3 semaines d’absence

Par Michel Driol

La maman de l’héroïne est partie étudier les ours polaires. Impossible de la joindre durant 3 semaines. Mais elle a laissé dans l’appartement une lettre par jour pour sa fillette qui, en échange, tient son journal pour évoquer cette absence, sa vie avec son père.
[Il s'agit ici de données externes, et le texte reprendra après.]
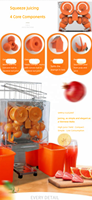 Extracteur de jus électrique commercial en acier inoxydable entièrement automatique 220V pour usage en restaurant, presse-fruits frais, séparateur de pulpe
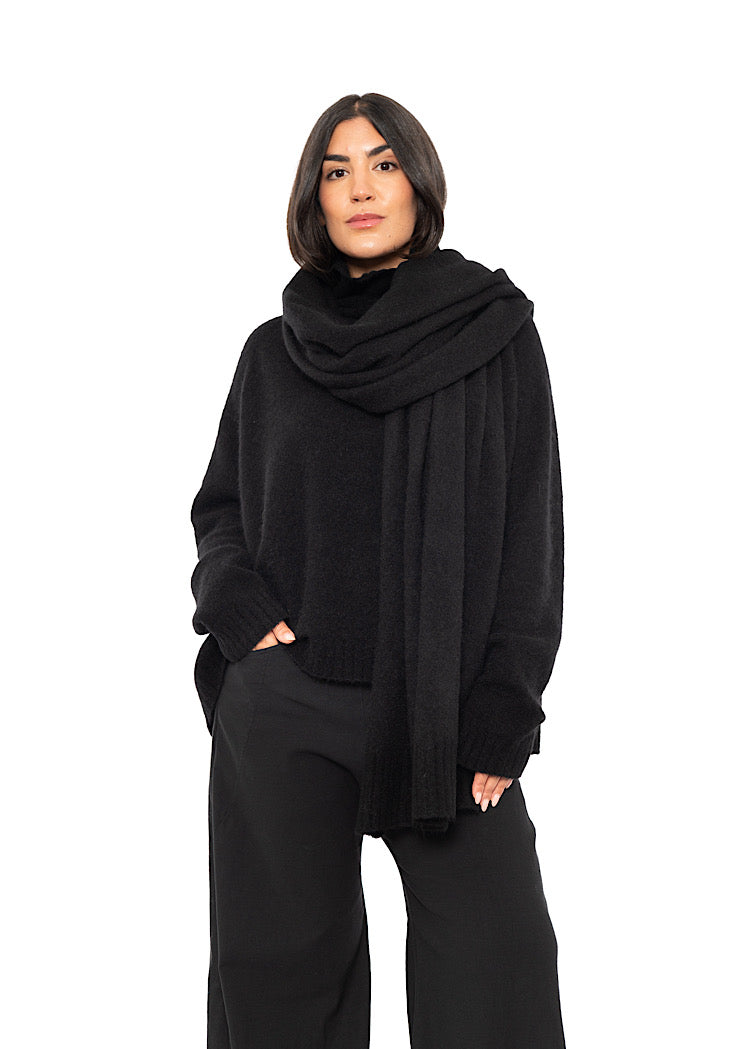 BRUSHED MÉLANGE KNITTED SCARF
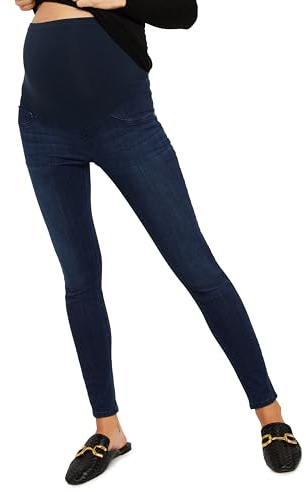 Motherhood Maternity Women's Plus Size Super Stretch Secret Fit Over The Belly Skinny Ankle Length Jeans, Dark Wash, 2X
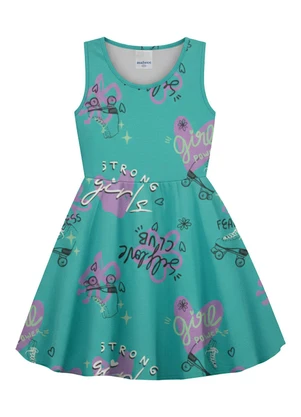 Malwee Kids - Vestido Godê Acinturado Patins Azul Celeste - MALWEE KIDS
Evoquons d’abord  le côté très cinématographique des illustrations. Tout commence par un plan large, dans un aéroport, on la fillette et son père, de dos, voient un avion, derrière les verrières. Puis alternent les pages en couleur chaudes, dans l’appartement, ou parfois dans la rue, montrant la fillette et son père, avec un témoin muet, le chat. Des scènes quotidiennes, la vaisselle, le brossage de dents, le câlin pour montrer cette vie à deux. Alternent avec ces pages celles où on voit la mère, couleurs froides, paysages tourmentés de banquise, avec l’omniprésence des ours blancs, dessinés, photographiés. Ces illustrations opèrent un vrai travail de montage pour rendre encore plus sensible cette histoire de séparation, d’éloignement.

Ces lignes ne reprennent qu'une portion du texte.